### EXERCISE
Your task is to print every entry below exactly as given.
Segment Start: EXTRACTED MATERIAL
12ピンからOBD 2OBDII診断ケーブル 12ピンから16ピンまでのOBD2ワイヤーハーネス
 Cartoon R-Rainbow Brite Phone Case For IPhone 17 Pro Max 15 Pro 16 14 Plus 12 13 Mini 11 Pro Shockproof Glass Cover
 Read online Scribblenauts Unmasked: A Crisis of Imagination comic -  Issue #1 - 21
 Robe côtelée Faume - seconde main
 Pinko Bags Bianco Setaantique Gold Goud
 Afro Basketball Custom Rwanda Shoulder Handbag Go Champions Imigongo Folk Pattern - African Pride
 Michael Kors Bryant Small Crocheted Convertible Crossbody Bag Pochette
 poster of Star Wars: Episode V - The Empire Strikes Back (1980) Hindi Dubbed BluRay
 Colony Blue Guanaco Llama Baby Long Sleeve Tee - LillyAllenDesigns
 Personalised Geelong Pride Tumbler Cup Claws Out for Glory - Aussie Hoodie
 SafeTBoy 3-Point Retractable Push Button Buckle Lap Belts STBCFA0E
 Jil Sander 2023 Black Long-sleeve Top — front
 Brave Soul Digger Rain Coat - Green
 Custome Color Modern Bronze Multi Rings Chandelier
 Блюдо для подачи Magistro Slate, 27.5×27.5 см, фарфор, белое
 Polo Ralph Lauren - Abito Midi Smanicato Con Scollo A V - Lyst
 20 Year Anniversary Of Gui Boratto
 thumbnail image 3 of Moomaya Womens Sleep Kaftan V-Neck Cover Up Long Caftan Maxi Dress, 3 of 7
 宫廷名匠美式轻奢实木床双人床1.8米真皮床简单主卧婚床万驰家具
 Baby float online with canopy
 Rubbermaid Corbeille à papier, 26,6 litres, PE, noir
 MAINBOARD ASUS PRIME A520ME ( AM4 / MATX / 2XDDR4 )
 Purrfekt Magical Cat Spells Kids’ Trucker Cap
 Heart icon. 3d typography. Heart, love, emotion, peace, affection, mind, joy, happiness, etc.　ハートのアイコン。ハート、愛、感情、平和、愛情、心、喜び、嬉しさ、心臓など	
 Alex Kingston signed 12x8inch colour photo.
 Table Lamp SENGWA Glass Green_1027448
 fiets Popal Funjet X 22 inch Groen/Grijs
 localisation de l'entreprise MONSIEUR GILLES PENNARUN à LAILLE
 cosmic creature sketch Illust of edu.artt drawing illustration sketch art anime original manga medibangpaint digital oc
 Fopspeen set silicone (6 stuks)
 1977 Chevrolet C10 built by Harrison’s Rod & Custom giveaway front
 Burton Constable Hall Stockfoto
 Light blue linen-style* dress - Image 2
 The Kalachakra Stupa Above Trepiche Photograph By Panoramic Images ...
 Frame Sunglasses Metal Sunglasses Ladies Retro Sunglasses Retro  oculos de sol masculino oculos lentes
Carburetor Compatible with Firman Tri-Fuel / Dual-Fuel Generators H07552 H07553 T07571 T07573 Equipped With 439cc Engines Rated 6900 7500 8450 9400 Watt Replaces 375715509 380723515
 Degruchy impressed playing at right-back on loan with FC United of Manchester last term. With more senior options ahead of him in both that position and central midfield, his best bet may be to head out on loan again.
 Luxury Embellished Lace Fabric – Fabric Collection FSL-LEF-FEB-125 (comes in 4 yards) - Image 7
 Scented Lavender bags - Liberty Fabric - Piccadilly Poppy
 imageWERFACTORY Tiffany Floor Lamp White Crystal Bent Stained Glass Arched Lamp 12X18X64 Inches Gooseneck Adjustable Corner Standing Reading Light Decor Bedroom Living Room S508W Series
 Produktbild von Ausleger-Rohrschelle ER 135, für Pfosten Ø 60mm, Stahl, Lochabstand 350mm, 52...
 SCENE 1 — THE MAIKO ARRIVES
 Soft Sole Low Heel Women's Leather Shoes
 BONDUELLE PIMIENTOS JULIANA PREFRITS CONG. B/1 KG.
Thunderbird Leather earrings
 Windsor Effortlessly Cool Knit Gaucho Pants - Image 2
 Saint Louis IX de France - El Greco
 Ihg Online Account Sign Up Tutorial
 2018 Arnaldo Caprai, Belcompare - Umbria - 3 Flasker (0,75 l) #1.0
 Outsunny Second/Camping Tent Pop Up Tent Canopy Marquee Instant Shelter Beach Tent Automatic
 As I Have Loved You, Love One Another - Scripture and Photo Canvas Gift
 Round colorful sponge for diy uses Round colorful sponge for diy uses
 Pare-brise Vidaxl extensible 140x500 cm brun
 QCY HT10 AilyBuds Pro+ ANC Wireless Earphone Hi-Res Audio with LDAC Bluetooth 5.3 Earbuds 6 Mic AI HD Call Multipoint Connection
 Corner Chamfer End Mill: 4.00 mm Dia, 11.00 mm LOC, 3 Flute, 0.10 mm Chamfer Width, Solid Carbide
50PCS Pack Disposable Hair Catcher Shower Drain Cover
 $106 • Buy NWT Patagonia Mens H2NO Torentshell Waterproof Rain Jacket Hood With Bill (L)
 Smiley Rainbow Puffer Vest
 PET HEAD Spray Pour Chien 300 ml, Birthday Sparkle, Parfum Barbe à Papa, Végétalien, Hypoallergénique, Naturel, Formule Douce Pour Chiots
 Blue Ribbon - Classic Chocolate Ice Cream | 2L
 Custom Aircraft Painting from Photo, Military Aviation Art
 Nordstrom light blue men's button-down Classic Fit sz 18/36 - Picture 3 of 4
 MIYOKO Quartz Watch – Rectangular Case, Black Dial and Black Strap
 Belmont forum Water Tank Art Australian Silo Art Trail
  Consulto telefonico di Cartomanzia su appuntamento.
Segment End: EXTRACTED MATERIAL
### SOLUTION TO THE PROBLEM
12ピンからOBD 2OBDII診断ケーブル 12ピンから16ピンまでのOBD2ワイヤーハーネス
 Cartoon R-Rainbow Brite Phone Case For IPhone 17 Pro Max 15 Pro 16 14 Plus 12 13 Mini 11 Pro Shockproof Glass Cover
 Read online Scribblenauts Unmasked: A Crisis of Imagination comic -  Issue #1 - 21
 Robe côtelée Faume - seconde main
 Pinko Bags Bianco Setaantique Gold Goud
 Afro Basketball Custom Rwanda Shoulder Handbag Go Champions Imigongo Folk Pattern - African Pride
 Michael Kors Bryant Small Crocheted Convertible Crossbody Bag Pochette
 poster of Star Wars: Episode V - The Empire Strikes Back (1980) Hindi Dubbed BluRay
 Colony Blue Guanaco Llama Baby Long Sleeve Tee - LillyAllenDesigns
 Personalised Geelong Pride Tumbler Cup Claws Out for Glory - Aussie Hoodie
 SafeTBoy 3-Point Retractable Push Button Buckle Lap Belts STBCFA0E
 Jil Sander 2023 Black Long-sleeve Top — front
 Brave Soul Digger Rain Coat - Green
 Custome Color Modern Bronze Multi Rings Chandelier
 Блюдо для подачи Magistro Slate, 27.5×27.5 см, фарфор, белое
 Polo Ralph Lauren - Abito Midi Smanicato Con Scollo A V - Lyst
 20 Year Anniversary Of Gui Boratto
 thumbnail image 3 of Moomaya Womens Sleep Kaftan V-Neck Cover Up Long Caftan Maxi Dress, 3 of 7
 宫廷名匠美式轻奢实木床双人床1.8米真皮床简单主卧婚床万驰家具
 Baby float online with canopy
 Rubbermaid Corbeille à papier, 26,6 litres, PE, noir
 MAINBOARD ASUS PRIME A520ME ( AM4 / MATX / 2XDDR4 )
 Purrfekt Magical Cat Spells Kids’ Trucker Cap
 Heart icon. 3d typography. Heart, love, emotion, peace, affection, mind, joy, happiness, etc.　ハートのアイコン。ハート、愛、感情、平和、愛情、心、喜び、嬉しさ、心臓など	
 Alex Kingston signed 12x8inch colour photo.
 Table Lamp SENGWA Glass Green_1027448
 fiets Popal Funjet X 22 inch Groen/Grijs
 localisation de l'entreprise MONSIEUR GILLES PENNARUN à LAILLE
 cosmic creature sketch Illust of edu.artt drawing illustration sketch art anime original manga medibangpaint digital oc
 Fopspeen set silicone (6 stuks)
 1977 Chevrolet C10 built by Harrison’s Rod & Custom giveaway front
 Burton Constable Hall Stockfoto
 Light blue linen-style* dress - Image 2
 The Kalachakra Stupa Above Trepiche Photograph By Panoramic Images ...
 Frame Sunglasses Metal Sunglasses Ladies Retro Sunglasses Retro  oculos de sol masculino oculos lentes
Carburetor Compatible with Firman Tri-Fuel / Dual-Fuel Generators H07552 H07553 T07571 T07573 Equipped With 439cc Engines Rated 6900 7500 8450 9400 Watt Replaces 375715509 380723515
 Degruchy impressed playing at right-back on loan with FC United of Manchester last term. With more senior options ahead of him in both that position and central midfield, his best bet may be to head out on loan again.
 Luxury Embellished Lace Fabric – Fabric Collection FSL-LEF-FEB-125 (comes in 4 yards) - Image 7
 Scented Lavender bags - Liberty Fabric - Piccadilly Poppy
 imageWERFACTORY Tiffany Floor Lamp White Crystal Bent Stained Glass Arched Lamp 12X18X64 Inches Gooseneck Adjustable Corner Standing Reading Light Decor Bedroom Living Room S508W Series
 Produktbild von Ausleger-Rohrschelle ER 135, für Pfosten Ø 60mm, Stahl, Lochabstand 350mm, 52...
 SCENE 1 — THE MAIKO ARRIVES
 Soft Sole Low Heel Women's Leather Shoes
 BONDUELLE PIMIENTOS JULIANA PREFRITS CONG. B/1 KG.
Thunderbird Leather earrings
 Windsor Effortlessly Cool Knit Gaucho Pants - Image 2
 Saint Louis IX de France - El Greco
 Ihg Online Account Sign Up Tutorial
 2018 Arnaldo Caprai, Belcompare - Umbria - 3 Flasker (0,75 l) #1.0
 Outsunny Second/Camping Tent Pop Up Tent Canopy Marquee Instant Shelter Beach Tent Automatic
 As I Have Loved You, Love One Another - Scripture and Photo Canvas Gift
 Round colorful sponge for diy uses Round colorful sponge for diy uses
 Pare-brise Vidaxl extensible 140x500 cm brun
 QCY HT10 AilyBuds Pro+ ANC Wireless Earphone Hi-Res Audio with LDAC Bluetooth 5.3 Earbuds 6 Mic AI HD Call Multipoint Connection
 Corner Chamfer End Mill: 4.00 mm Dia, 11.00 mm LOC, 3 Flute, 0.10 mm Chamfer Width, Solid Carbide
50PCS Pack Disposable Hair Catcher Shower Drain Cover
 $106 • Buy NWT Patagonia Mens H2NO Torentshell Waterproof Rain Jacket Hood With Bill (L)
 Smiley Rainbow Puffer Vest
 PET HEAD Spray Pour Chien 300 ml, Birthday Sparkle, Parfum Barbe à Papa, Végétalien, Hypoallergénique, Naturel, Formule Douce Pour Chiots
 Blue Ribbon - Classic Chocolate Ice Cream | 2L
 Custom Aircraft Painting from Photo, Military Aviation Art
 Nordstrom light blue men's button-down Classic Fit sz 18/36 - Picture 3 of 4
 MIYOKO Quartz Watch – Rectangular Case, Black Dial and Black Strap
 Belmont forum Water Tank Art Australian Silo Art Trail
  Consulto telefonico di Cartomanzia su appuntamento.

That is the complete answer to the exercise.